Client refuses to mount because of an ‘unknown storage target’¶

Scenario¶

While testing BeeGFS, you removed the storage directory of a storage server, but kept the storage directory of the management server. Now the BeeGFS client refuses to mount and prints an error about an unknown storage target to the log file.

What happened to your file system¶

When you start a new beegfs-storage daemon with a given storage directory, the daemon initializes this directory by assigning an ID to this storage target path and registering this target ID at the management server.
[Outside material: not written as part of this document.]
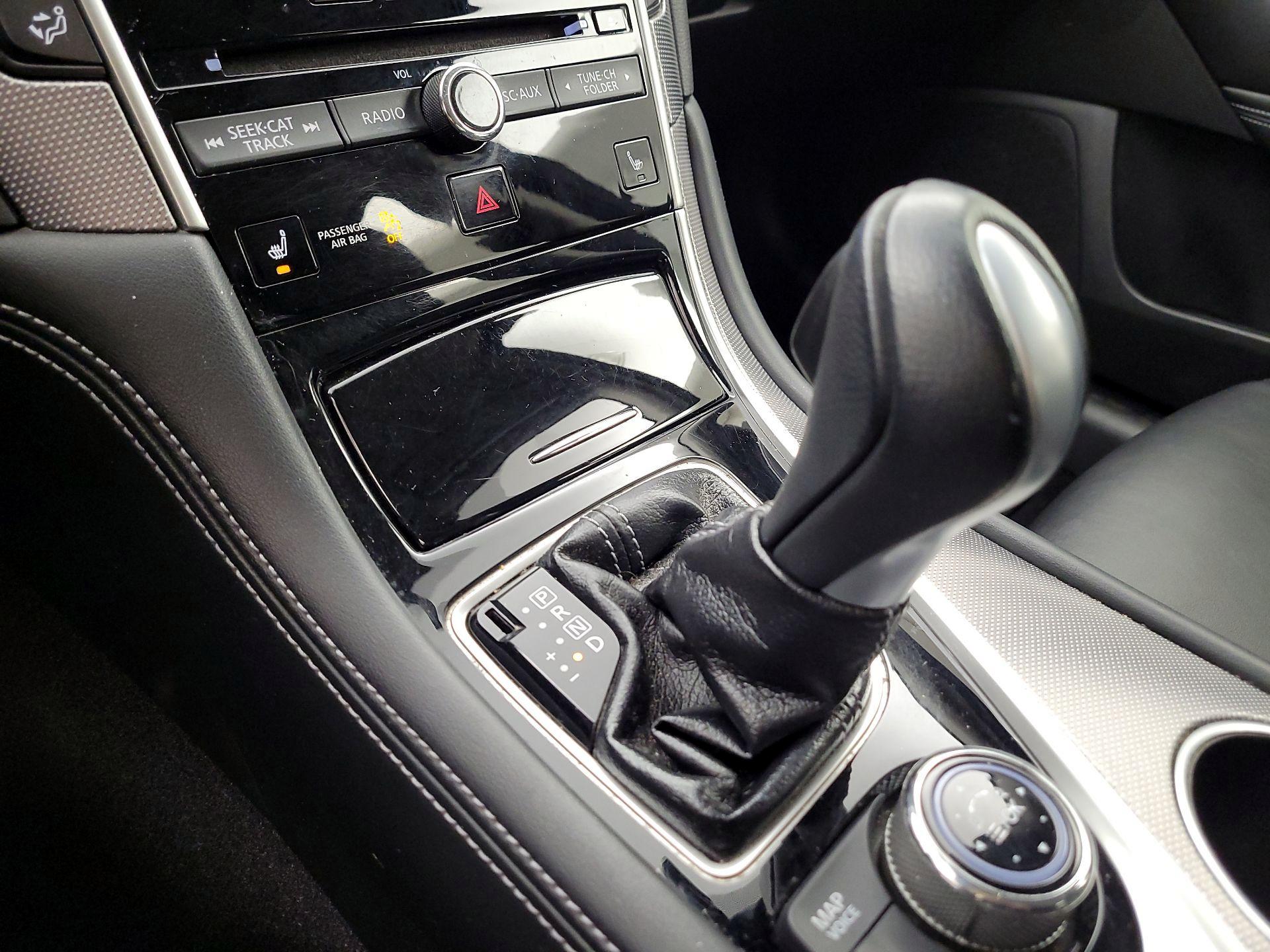 Thumbnail: 2014 INFINITI Q50 - 18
When you delete this directory, the storage server creates a new directory on next startup with a new ID and also registers this ID at the management server. (Because the storage server cannot know what happened to the old directory and whether you might have just moved the data to another machine, so it needs a new ID here.)

When the client starts, it performs a sanity check by querying all registered target IDs from the management server and checks whether all of them are accessible. If you removed a storage directory, this check fails and thus the client refuses to mount. (Note: This sanity check can be disabled, but it is definitely a good thing in this case and saves you from more trouble.)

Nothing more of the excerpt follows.